Edit: Sorry, I miss-read the problem. I though that you were just giving another step in the process insteard of the final answer. To get that final answer, we have
(1+a)^1/2 ~ 1 + (1/2) a - (1/8) a² + ...
or, neglecting the a² term, the answer is, substituting back in for a,
x [ 1 + (1/2) (R/x)² ] - x
which is what you have. If you wanted to go further, we note that we have, adding back in that a² term,
x + x [(1/2) (R/x)² ( 1 - (1/4) a + ...)] - x = \(\displaystyle \frac{R^2}{2 x}\) [ 1 - (1/4) a + ...]

 

[pka]

What does this reduce to when x >> R?
((x^2 + R^2)^(1/2)) – x

Your notation is not at all standard. What does "Limit as x becomes much greater than R ie x >> R" mean.
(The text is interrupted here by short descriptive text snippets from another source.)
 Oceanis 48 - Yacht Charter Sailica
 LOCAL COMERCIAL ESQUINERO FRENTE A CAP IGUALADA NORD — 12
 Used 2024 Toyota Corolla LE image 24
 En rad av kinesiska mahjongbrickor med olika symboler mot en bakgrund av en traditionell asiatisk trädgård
Guessing, I would say it means \(\displaystyle \displaystyle{\lim _{x \to \infty }}\sqrt {{x^2} + {R^2}} - x\).

If so \(\displaystyle \displaystyle\sqrt {{x^2} + {R^2}} - x = \frac{{{R^2}}}{{\sqrt {{x^2} + {R^2}} + x}}\)

 

[KindofSlow]

Apologies for the non standard.
It is from a physics problem calculating the potential (voltage) at a point x distance from a uniformly charged disc of radius R.
The first equation is the answer to the problem.
Then as x becomes much greater than R, it reduces down to where the disc is like a point charge.
More apologies if this still doesn't make sense.
Thank you for your help.

 

[KindofSlow]

Hi Everyone,
I got some additional help and just wanted to share as I found this very helpful.

Multiply by 1 in the form of conjugate over conjugate so

((x^2 + R^2)^(1/2)) – x times ((x^2 + R^2)^(1/2)) + x
((x^2 + R^2)^(1/2)) + x
The result of this is

(x^2 + R^2) – x^2
((x^2 + R^2)^(1/2)) + x

As x >> R, the numerator reduces to R^2 and the denominator reduces to 2x.
Which is the same thing as this x*(1 + (R^2/2x^2)) – x

Thank you everyone.

 

[HallsofIvy]

Yes, that is what pka told you in response 3.

 

[KindofSlow]

I confess I did not realize they were both the same until you just told me.

Thank you HallsofIvy and pka and Ishuda.